Libya has been split between the UN-recognised Government of National Accord, based in the capital, and an administration in the east supported by strongman Kalifa Haftar. Dbeibah was speaking on the second day of parliamentary debate yesterday on his proposal for a new interim government, where he denounced a “fierce campaign” carried out by “those who want to destroy our country, who want to occupy it”.
A UN-supervised process aims to unite the country after an October ceasefire between the two rival administrations.

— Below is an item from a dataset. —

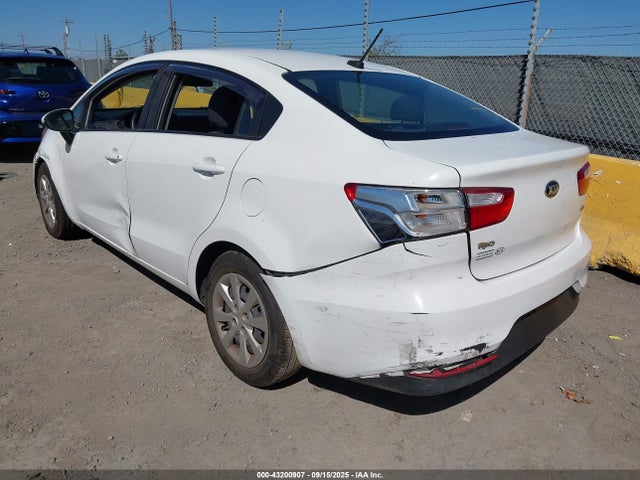 KIA gamma 2016 KNADM4A32G6681305 Image 3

But according to the UN, some 20,000 mercenaries and foreign fighters were still in Libya in early December, and a January 23 deadline for their withdrawal passed without any sign of them pulling them out. Some have literally dug in. In January, satellite images broadcast by CNN show a trench running tens of kilometres (miles) dug by mercenaries near the front-line city of Sirte. An advance team of a UN observer mission arrived in Libya last week tasked with monitoring the ceasefire and verifying the departure of the thousands of foreign fighters.
Dbeibah, who submitted his proposed government to parliament for approval last week, pleaded for deputies to vote in favour of it. “We have no choice but to come to an agreement, for the future of our children,” Dbeibah said, to the applause of parliament.
Dbeibah was selected in February at UN-sponsored talks, attended by a cross section of Libyans, to steer the country towards December 24 elections. The process has been marred by allegations of vote-buying, but the interim premier defended the composition of his proposed government. “My first objective was to choose people with whom I would be able to work, no matter where they come from,” Dbeibah said.
The members of his government “must be able to work for all Libyans in all of Libya, not just for their region or their city”, he insisted. Over 130 of a total 188 lawmakers began meeting on Monday in Sirte, Gaddafi’s hometown, to debate the proposed cabinet. The Mediterranean port city lies halfway between Tripoli, where the western government is based, and the east, where parliament has sat in recent years and which is home to a rival administration.
The United Nations Support Mission in Libya, or UNSMIL, called the meeting “historic” and praised the convening of a “reunified session after many years of divisions and paralysis”. Dbeibah, 61, a billionaire businessman from the western town of Misrata, was selected alongside an interim three-member presidency council to head the new unity administration.
Libya’s prime minister-designate Abdul Hamid Dbeibah addresses lawmakers during the first reunited parliamentarian session, in the coastal city of Sirte east of the capital, yesterday.